I’ve been loving my slow cooker this season – the idea of throwing ingredients in and having a delicious, low labor meal at the end of the day always amazes me. I could have a nourishing soup every day if I could, but I thought it would be fun to share something a little different with it for you guys to enjoy. This simple Buffalo Chicken Dip recipe is one of my absolute favorites! There is so much you can do with the end product and it will surely please your pickiest of eaters. Bring it to your Super Bowl party this year and I bet you no one knows that its dairy free! It surely feels like the Super Bowl year round in my house when this dip is on the menu.

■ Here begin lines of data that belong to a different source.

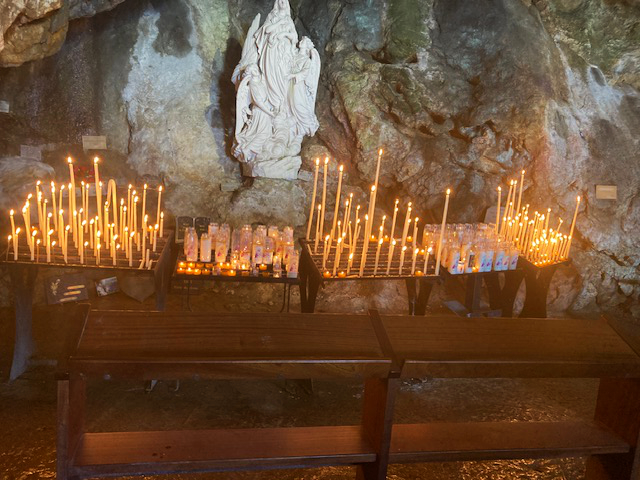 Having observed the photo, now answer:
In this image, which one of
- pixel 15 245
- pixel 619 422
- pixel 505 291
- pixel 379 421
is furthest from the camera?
pixel 505 291

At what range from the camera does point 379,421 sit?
2480 mm

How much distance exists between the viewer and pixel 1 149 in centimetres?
712

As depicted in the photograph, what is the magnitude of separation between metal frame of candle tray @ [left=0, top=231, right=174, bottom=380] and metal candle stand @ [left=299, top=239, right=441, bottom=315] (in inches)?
46.3

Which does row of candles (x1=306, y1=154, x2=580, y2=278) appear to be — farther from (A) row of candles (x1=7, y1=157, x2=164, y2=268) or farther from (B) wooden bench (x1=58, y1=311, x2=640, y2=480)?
(B) wooden bench (x1=58, y1=311, x2=640, y2=480)

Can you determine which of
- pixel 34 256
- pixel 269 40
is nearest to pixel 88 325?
pixel 34 256

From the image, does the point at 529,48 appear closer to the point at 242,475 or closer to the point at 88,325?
the point at 242,475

All you need is three ingredients, a slow cooker, and some time and you’re all set! I use Butcher Box chicken breasts and love how they are so high quality and humanely raised. Frank’s Red Hot Original sauce has always been a favorite of mine, and not to mention its Whole 30 approved! The Kite Hill almond milk cream cheese adds the perfect touch and flavor; I love incorporating it into a variety of my meals in some way.
Let me know if you decide to make it and I would absolutely love to hear what you think! If you remake on Instagram, remember to tag me at @matcha_and_margs so I can send the love and support right back. Enjoy!

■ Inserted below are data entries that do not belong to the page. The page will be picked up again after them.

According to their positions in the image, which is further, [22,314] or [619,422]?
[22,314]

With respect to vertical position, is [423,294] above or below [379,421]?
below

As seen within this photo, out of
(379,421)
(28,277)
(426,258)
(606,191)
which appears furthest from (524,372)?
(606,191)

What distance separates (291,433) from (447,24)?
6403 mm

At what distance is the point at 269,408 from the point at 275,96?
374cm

Slow Cooker Buffalo Chicken Dip (Df)
- 2 chicken breasts I use Butcher Box
- 1/2 cup Frank’s Red Hot Original Sauce
- 1/2-2/3 cup Kite Hill Almond Milk Chive Cream Cheese can use regular if not dairy free!
- Put the chicken breasts in the slow cooker with the Frank’s Red Hot for 6 hours on low. Make sure the sauce covers all of the chicken.
- Once the chicken is cooked, shred it with a fork and mix with the Kite Hill cream cheese. You can use more or less of the cream cheese depending on how creamy you like it!
- Serve and enjoy! I love dipping celery, carrots, and crackers into it. It is also great stuffed in a sweet potato, on a taco or sandwich — the opportunities are endless!